7. Electronics design¶
Group assignment: Use the test equipment in your lab to observe the operation of a microcontroller circuit board.
Individual assignment: Redraw the echo hello-world board, add (at least) a button and LED (with a current-limiting resistor), check the design rules, make it, test it.
Extra credit: Simulate its operation. Render it.
Group Assignment¶
Use the test equipment in your lab to observe the operation of a microcontroller circuit board.
1. Multimeter
¶
This is the most used tool so far, we used it to test the current continuity in our PCBs and to test the solder and fuctioning of the components in the circuits. It is a powerful tool and there is its specifications
2. Power supply
¶
We identified 3 different power supply tools: a simple power supply (30v max) a multiple power supply (where combined you can supply 50v tops) and a programmable power supply where you can ser your own parameters with a max of 30V. We also used the multimeter to test the supply obtained from each one.
4. Functions generateor and Osciloscope
¶
We tested multiple functions using the function generator connected to the osciloscope.
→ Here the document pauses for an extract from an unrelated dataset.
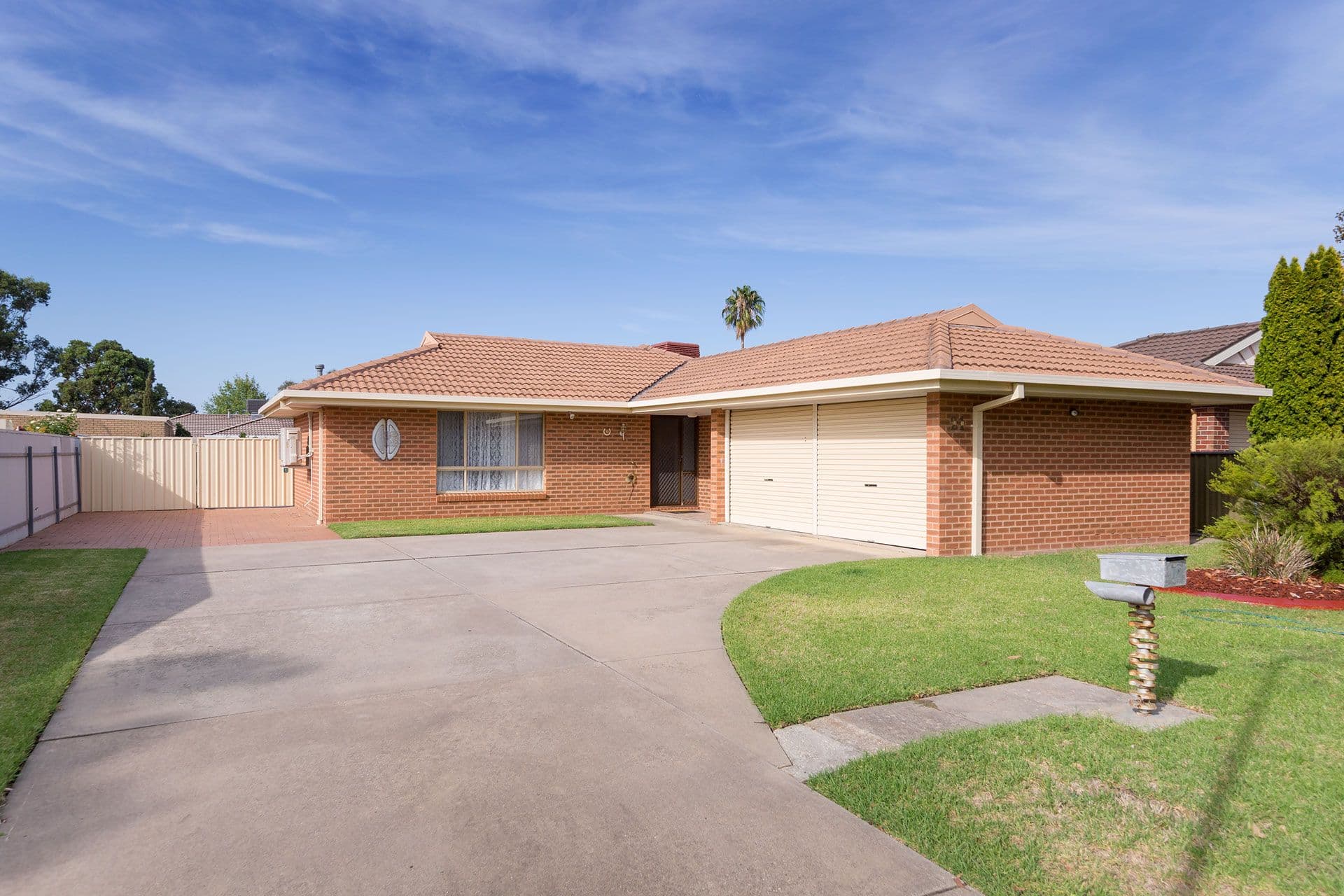 21 Condon Place, Lavington - Thumbnail 2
The function generator allows you to design and test 3 main variables, Voltage, wave function, current. and with the osciloscope you can visualize or hear the combinations you are testing.
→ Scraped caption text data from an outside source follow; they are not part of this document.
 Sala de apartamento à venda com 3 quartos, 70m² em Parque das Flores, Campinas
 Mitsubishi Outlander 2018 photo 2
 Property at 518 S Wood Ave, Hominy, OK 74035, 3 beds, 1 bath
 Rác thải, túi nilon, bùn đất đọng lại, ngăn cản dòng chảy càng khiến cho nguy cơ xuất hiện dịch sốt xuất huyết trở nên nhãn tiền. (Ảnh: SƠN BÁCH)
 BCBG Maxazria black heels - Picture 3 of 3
Understand and use Lab's equipment = DONE
Individual Assignment¶
Redraw the echo hello-world board, add (at least) a button and LED (with a current-limiting resistor), check the design rules, make it, test it.
Re drawing an echo hello-world board
¶
I decided to use ATtiny 45 as my hello-world board.
First, I identified the available components in my lab so I can, after, look for them in libraries online.
When I identified all my available components, I started to look for them in available libraries. Here you are some of the most useful ones:
Then, I installed and started to use Eagle. In order to learn how to use ir I saw this tutorial recorded by our lab’s Instructor Abdon Troche
Once Eagle was installed, I followed these steps:
This is an exceptional documentation I found very useful
Main learnings:
- Always verify your available components, before deciding wich library is better to your project.
- Use Eagle with a mouse
- Mind your schematic’s order and legibility (it is very important in case you need to debug or place components afterwards)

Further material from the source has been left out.